Todavía no lo sé.
Durante el trayecto, la cabeza de Emily no dejaba de rodar contra mi hombro.
Noé emitió un pequeño sonido.
Entonces guardó silencio.
Ese silencio casi me destruye.
Seguí repitiendo su nombre.
“Noé. Noé. Amigo, quédate conmigo.”
El señor Harris se saltó un semáforo en rojo haciendo sonar la bocina.
A las 5:42 de la mañana llegamos a la entrada del hospital.
Entré tambaleándome por las puertas automáticas cargando con todo lo que amaba.
La enfermera de admisión levantó la vista y su expresión cambió antes de que yo pudiera hablar.
“Mi esposa acaba de tener un bebé”, dije. “Mi hijo tiene fiebre. Por favor, ayúdenlos”.
La enfermera pulsó un botón.
Otra enfermera se apresuró a acercarse con una silla de ruedas, pero entonces se dio cuenta de que Emily no podía sentarse erguida.
Trajeron una camilla.
Alguien me arrebató a Noé de los brazos y casi me resistí hasta que la enfermera dijo: "Señor, necesito ayudarlo".

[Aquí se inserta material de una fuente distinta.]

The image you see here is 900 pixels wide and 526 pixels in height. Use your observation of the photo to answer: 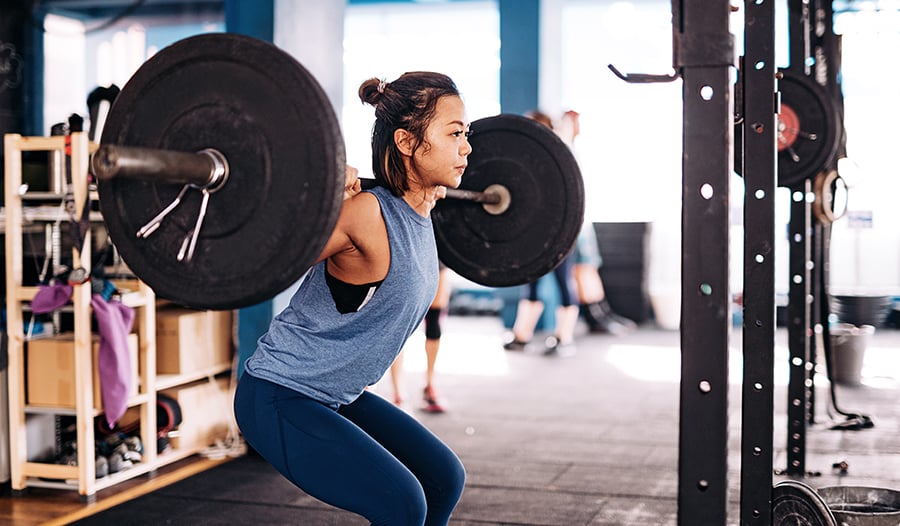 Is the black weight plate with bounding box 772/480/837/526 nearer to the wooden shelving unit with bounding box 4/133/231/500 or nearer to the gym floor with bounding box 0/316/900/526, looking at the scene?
the gym floor with bounding box 0/316/900/526

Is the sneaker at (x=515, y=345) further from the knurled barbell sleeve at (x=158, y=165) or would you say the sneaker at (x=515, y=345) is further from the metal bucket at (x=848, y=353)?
the knurled barbell sleeve at (x=158, y=165)

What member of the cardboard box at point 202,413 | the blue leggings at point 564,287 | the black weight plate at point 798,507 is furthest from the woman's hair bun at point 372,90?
the blue leggings at point 564,287

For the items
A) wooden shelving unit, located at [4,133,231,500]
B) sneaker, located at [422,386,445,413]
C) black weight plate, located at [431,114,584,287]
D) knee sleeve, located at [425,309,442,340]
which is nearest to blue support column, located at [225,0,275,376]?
wooden shelving unit, located at [4,133,231,500]

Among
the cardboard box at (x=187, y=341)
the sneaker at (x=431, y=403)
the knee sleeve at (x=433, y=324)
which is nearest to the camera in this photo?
the cardboard box at (x=187, y=341)

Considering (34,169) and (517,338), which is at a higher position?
(34,169)

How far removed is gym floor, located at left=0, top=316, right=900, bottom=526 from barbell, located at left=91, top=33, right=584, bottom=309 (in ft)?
5.89

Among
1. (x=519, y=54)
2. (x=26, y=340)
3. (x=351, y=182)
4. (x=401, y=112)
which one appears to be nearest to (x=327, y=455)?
(x=351, y=182)

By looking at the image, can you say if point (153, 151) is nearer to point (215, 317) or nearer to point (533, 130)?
point (533, 130)

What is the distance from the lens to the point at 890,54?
8.02 m

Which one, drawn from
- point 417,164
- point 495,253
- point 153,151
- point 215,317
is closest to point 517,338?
point 215,317

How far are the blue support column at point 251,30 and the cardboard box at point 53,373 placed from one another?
2.01 feet

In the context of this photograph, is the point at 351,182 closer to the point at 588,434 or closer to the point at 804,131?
the point at 804,131

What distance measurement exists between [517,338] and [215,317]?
138 inches

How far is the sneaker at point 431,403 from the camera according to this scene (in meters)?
4.86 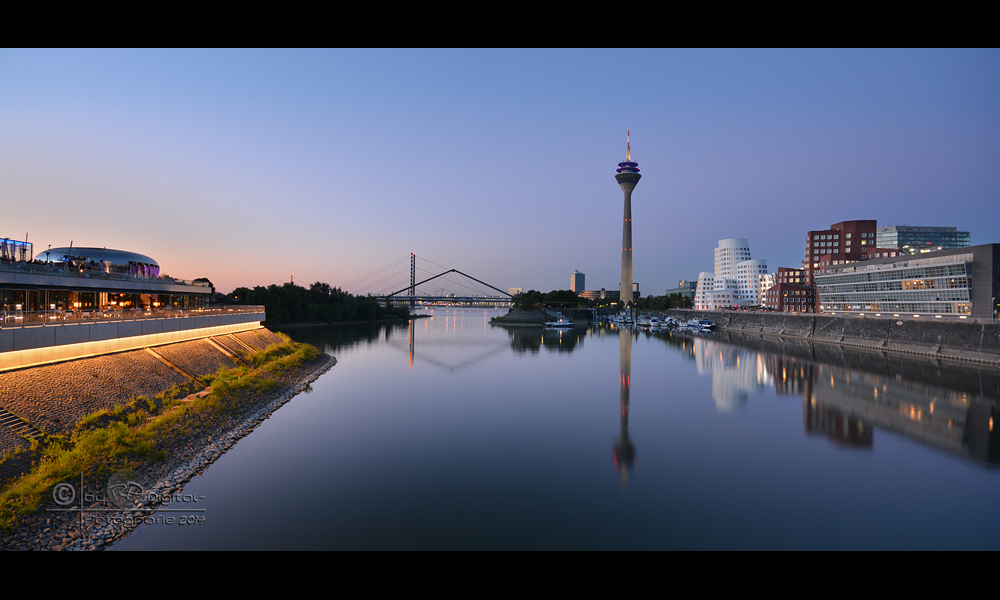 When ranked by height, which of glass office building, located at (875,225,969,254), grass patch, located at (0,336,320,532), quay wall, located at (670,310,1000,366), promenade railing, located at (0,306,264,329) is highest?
glass office building, located at (875,225,969,254)

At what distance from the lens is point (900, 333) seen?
40000 millimetres

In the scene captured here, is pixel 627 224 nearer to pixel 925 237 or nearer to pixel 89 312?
pixel 925 237

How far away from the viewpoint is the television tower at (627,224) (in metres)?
120

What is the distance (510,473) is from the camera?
40.8 ft

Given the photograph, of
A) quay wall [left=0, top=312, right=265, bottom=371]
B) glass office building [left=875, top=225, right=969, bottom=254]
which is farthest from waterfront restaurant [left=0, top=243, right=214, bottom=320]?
glass office building [left=875, top=225, right=969, bottom=254]

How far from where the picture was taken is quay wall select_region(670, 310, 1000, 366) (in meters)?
32.5

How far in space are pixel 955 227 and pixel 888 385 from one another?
395 feet

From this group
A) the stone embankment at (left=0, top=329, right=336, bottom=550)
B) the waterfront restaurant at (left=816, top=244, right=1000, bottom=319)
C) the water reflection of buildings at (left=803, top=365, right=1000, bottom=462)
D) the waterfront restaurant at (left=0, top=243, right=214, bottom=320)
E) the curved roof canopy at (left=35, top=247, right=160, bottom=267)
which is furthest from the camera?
the waterfront restaurant at (left=816, top=244, right=1000, bottom=319)

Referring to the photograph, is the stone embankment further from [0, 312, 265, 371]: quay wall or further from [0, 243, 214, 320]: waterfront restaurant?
[0, 243, 214, 320]: waterfront restaurant

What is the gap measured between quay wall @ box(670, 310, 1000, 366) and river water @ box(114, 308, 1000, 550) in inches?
348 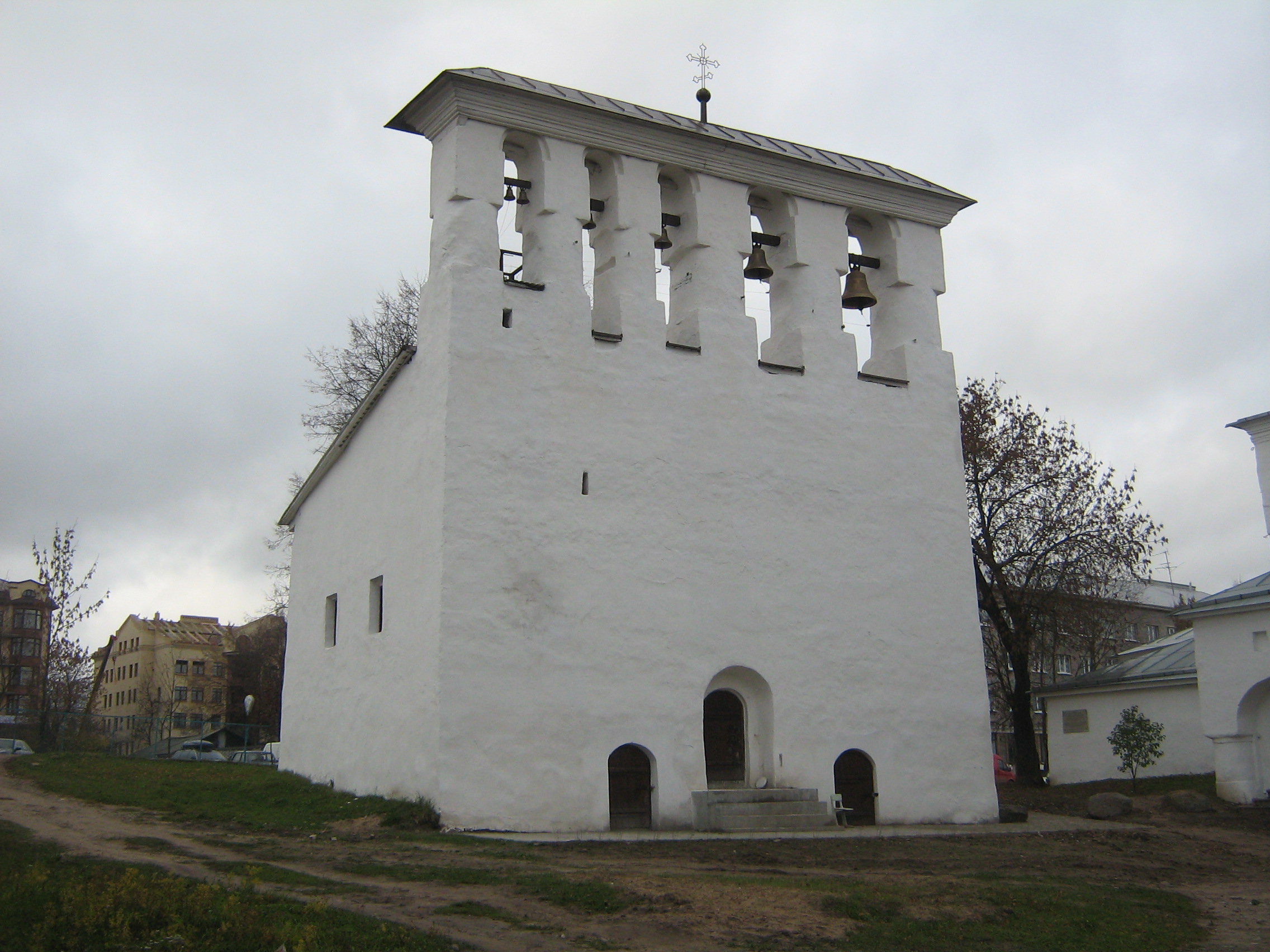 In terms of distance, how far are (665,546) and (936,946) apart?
7.56 m

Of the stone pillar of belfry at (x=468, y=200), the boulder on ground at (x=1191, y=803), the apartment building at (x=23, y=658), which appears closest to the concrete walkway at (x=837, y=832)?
the boulder on ground at (x=1191, y=803)

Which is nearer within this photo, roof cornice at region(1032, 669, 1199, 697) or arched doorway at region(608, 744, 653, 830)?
arched doorway at region(608, 744, 653, 830)

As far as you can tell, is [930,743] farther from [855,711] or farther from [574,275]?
[574,275]

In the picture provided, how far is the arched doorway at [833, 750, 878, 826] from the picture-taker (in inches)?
607

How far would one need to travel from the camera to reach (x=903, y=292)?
58.1 ft

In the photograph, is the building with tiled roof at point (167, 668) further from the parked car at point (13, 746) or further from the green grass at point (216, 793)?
the green grass at point (216, 793)

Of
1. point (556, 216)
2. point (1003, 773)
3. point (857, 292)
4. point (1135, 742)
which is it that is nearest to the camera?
point (556, 216)

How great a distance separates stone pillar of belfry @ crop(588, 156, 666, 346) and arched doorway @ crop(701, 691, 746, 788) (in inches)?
193

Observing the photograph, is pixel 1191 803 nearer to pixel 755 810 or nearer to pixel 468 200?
pixel 755 810

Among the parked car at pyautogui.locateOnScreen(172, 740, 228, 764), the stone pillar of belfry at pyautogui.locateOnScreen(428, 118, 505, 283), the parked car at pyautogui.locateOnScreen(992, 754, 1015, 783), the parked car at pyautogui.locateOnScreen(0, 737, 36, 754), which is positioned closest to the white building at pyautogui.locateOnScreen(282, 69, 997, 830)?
the stone pillar of belfry at pyautogui.locateOnScreen(428, 118, 505, 283)

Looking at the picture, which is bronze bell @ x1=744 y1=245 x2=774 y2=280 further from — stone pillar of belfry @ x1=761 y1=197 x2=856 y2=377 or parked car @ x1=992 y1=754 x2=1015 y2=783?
parked car @ x1=992 y1=754 x2=1015 y2=783

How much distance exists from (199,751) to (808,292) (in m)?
22.3

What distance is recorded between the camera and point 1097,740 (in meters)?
24.1

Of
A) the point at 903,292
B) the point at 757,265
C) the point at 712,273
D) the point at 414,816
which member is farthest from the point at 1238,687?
the point at 414,816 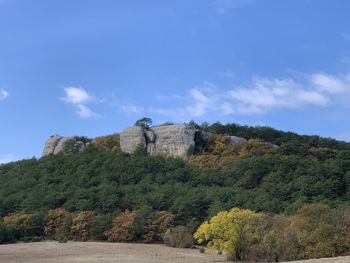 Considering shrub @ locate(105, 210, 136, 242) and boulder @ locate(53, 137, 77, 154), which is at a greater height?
boulder @ locate(53, 137, 77, 154)

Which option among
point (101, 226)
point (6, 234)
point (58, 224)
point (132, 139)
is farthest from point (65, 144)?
point (101, 226)

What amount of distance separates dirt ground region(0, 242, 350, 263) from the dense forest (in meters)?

Le colocaron una pulsera de triaje alrededor del tobillo.
Una segunda enfermera escribió "7 DÍAS DE EDAD - FIEBRE" en la parte superior de una ficha de urgencias.
Las palabras parecían imposibles.
Siete días de edad.
Fiebre.
Mi hijo solo llevaba una semana de vida, y un desconocido ya estaba escribiendo su emergencia en un papel.
Trasladaron a Emily detrás de una cortina.
Un médico con bata azul le tomó el pulso, le levantó los párpados y le preguntó cuánto tiempo llevaba inconsciente.
—No lo sé —dije.
La respuesta me impactó profundamente.
Yo no lo sabía.
Yo era su marido y no lo sabía.
A continuación, el médico examinó a Noé.
Una enfermera desdobló la manta sucia que lo envolvía y jadeó suavemente.
No hubo ningún grito dramático.
Ninguna escena de película.
Solo un pequeño sonido humano de una enfermera que había visto lo suficiente como para reconocer la negligencia antes de que nadie pronunciara la palabra.
El rostro del médico cambió.
No es como un profesional viendo un caso difícil.